== Provided data
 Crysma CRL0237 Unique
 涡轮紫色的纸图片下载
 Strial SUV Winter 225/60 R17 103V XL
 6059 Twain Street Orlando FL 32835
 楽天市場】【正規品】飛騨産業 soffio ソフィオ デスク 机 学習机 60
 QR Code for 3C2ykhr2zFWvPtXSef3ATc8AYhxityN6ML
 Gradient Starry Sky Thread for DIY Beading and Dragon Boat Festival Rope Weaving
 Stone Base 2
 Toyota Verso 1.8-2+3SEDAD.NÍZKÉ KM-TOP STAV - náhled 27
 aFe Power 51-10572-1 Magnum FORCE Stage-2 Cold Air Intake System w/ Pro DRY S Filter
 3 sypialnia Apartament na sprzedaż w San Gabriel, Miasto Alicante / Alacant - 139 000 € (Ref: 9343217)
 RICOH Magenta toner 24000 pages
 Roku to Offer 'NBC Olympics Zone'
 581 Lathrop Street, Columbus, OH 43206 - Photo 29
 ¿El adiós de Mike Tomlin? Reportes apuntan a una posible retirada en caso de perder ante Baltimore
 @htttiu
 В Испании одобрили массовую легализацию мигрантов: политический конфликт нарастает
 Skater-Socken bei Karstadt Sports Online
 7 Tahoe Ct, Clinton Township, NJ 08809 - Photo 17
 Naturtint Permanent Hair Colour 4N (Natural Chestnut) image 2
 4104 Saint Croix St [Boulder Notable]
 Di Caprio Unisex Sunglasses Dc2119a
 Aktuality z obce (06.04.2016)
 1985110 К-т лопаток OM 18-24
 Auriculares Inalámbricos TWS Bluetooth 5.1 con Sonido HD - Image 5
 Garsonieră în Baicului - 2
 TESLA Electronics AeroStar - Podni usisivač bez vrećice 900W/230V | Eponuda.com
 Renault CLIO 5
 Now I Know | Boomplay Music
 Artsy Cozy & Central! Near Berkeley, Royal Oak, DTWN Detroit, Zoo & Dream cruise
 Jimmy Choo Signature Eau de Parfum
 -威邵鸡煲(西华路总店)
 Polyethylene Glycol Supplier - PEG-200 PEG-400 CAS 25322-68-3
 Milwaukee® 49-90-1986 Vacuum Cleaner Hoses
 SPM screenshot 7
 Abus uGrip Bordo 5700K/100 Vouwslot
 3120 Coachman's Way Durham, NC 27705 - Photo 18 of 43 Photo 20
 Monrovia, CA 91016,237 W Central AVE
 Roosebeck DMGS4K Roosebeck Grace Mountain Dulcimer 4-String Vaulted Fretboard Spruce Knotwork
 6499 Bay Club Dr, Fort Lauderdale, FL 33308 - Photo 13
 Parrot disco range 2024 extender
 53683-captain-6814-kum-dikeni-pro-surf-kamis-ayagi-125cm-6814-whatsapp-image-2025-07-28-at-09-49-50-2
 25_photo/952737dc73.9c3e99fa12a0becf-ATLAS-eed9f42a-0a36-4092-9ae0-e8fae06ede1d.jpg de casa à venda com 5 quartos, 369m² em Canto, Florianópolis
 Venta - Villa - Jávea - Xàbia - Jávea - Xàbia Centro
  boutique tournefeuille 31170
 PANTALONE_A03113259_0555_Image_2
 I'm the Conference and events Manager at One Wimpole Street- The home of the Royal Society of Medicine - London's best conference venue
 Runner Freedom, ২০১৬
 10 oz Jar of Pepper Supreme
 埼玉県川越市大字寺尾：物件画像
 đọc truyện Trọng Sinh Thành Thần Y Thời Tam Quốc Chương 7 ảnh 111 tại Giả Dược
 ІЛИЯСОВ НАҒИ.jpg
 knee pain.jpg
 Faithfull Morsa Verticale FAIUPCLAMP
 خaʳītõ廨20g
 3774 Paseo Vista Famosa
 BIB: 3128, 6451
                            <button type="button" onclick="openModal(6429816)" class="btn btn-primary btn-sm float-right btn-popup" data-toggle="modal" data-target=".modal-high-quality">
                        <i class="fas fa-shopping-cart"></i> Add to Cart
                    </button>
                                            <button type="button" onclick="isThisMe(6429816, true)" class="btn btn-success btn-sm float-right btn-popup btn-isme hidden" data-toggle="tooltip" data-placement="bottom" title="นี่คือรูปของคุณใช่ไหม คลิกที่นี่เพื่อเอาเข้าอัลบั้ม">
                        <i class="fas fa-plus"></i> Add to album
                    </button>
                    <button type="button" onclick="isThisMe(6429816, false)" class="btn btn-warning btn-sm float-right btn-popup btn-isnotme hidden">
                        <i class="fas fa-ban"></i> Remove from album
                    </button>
====
--- Problem to solve ---
Copy the data above in full, exactly as it reads.

--- Exercise output ---
 Crysma CRL0237 Unique
 涡轮紫色的纸图片下载
 Strial SUV Winter 225/60 R17 103V XL
 6059 Twain Street Orlando FL 32835
 楽天市場】【正規品】飛騨産業 soffio ソフィオ デスク 机 学習机 60
 QR Code for 3C2ykhr2zFWvPtXSef3ATc8AYhxityN6ML
 Gradient Starry Sky Thread for DIY Beading and Dragon Boat Festival Rope Weaving
 Stone Base 2
 Toyota Verso 1.8-2+3SEDAD.NÍZKÉ KM-TOP STAV - náhled 27
 aFe Power 51-10572-1 Magnum FORCE Stage-2 Cold Air Intake System w/ Pro DRY S Filter
 3 sypialnia Apartament na sprzedaż w San Gabriel, Miasto Alicante / Alacant - 139 000 € (Ref: 9343217)
 RICOH Magenta toner 24000 pages
 Roku to Offer 'NBC Olympics Zone'
 581 Lathrop Street, Columbus, OH 43206 - Photo 29
 ¿El adiós de Mike Tomlin? Reportes apuntan a una posible retirada en caso de perder ante Baltimore
 @htttiu
 В Испании одобрили массовую легализацию мигрантов: политический конфликт нарастает
 Skater-Socken bei Karstadt Sports Online
 7 Tahoe Ct, Clinton Township, NJ 08809 - Photo 17
 Naturtint Permanent Hair Colour 4N (Natural Chestnut) image 2
 4104 Saint Croix St [Boulder Notable]
 Di Caprio Unisex Sunglasses Dc2119a
 Aktuality z obce (06.04.2016)
 1985110 К-т лопаток OM 18-24
 Auriculares Inalámbricos TWS Bluetooth 5.1 con Sonido HD - Image 5
 Garsonieră în Baicului - 2
 TESLA Electronics AeroStar - Podni usisivač bez vrećice 900W/230V | Eponuda.com
 Renault CLIO 5
 Now I Know | Boomplay Music
 Artsy Cozy & Central! Near Berkeley, Royal Oak, DTWN Detroit, Zoo & Dream cruise
 Jimmy Choo Signature Eau de Parfum
 -威邵鸡煲(西华路总店)
 Polyethylene Glycol Supplier - PEG-200 PEG-400 CAS 25322-68-3
 Milwaukee® 49-90-1986 Vacuum Cleaner Hoses
 SPM screenshot 7
 Abus uGrip Bordo 5700K/100 Vouwslot
 3120 Coachman's Way Durham, NC 27705 - Photo 18 of 43 Photo 20
 Monrovia, CA 91016,237 W Central AVE
 Roosebeck DMGS4K Roosebeck Grace Mountain Dulcimer 4-String Vaulted Fretboard Spruce Knotwork
 6499 Bay Club Dr, Fort Lauderdale, FL 33308 - Photo 13
 Parrot disco range 2024 extender
 53683-captain-6814-kum-dikeni-pro-surf-kamis-ayagi-125cm-6814-whatsapp-image-2025-07-28-at-09-49-50-2
 25_photo/952737dc73.9c3e99fa12a0becf-ATLAS-eed9f42a-0a36-4092-9ae0-e8fae06ede1d.jpg de casa à venda com 5 quartos, 369m² em Canto, Florianópolis
 Venta - Villa - Jávea - Xàbia - Jávea - Xàbia Centro
  boutique tournefeuille 31170
 PANTALONE_A03113259_0555_Image_2
 I'm the Conference and events Manager at One Wimpole Street- The home of the Royal Society of Medicine - London's best conference venue
 Runner Freedom, ২০১৬
 10 oz Jar of Pepper Supreme
 埼玉県川越市大字寺尾：物件画像
 đọc truyện Trọng Sinh Thành Thần Y Thời Tam Quốc Chương 7 ảnh 111 tại Giả Dược
 ІЛИЯСОВ НАҒИ.jpg
 knee pain.jpg
 Faithfull Morsa Verticale FAIUPCLAMP
 خaʳītõ廨20g
 3774 Paseo Vista Famosa
 BIB: 3128, 6451
                            <button type="button" onclick="openModal(6429816)" class="btn btn-primary btn-sm float-right btn-popup" data-toggle="modal" data-target=".modal-high-quality">
                        <i class="fas fa-shopping-cart"></i> Add to Cart
                    </button>
                                            <button type="button" onclick="isThisMe(6429816, true)" class="btn btn-success btn-sm float-right btn-popup btn-isme hidden" data-toggle="tooltip" data-placement="bottom" title="นี่คือรูปของคุณใช่ไหม คลิกที่นี่เพื่อเอาเข้าอัลบั้ม">
                        <i class="fas fa-plus"></i> Add to album
                    </button>
                    <button type="button" onclick="isThisMe(6429816, false)" class="btn btn-warning btn-sm float-right btn-popup btn-isnotme hidden">
                        <i class="fas fa-ban"></i> Remove from album
                    </button>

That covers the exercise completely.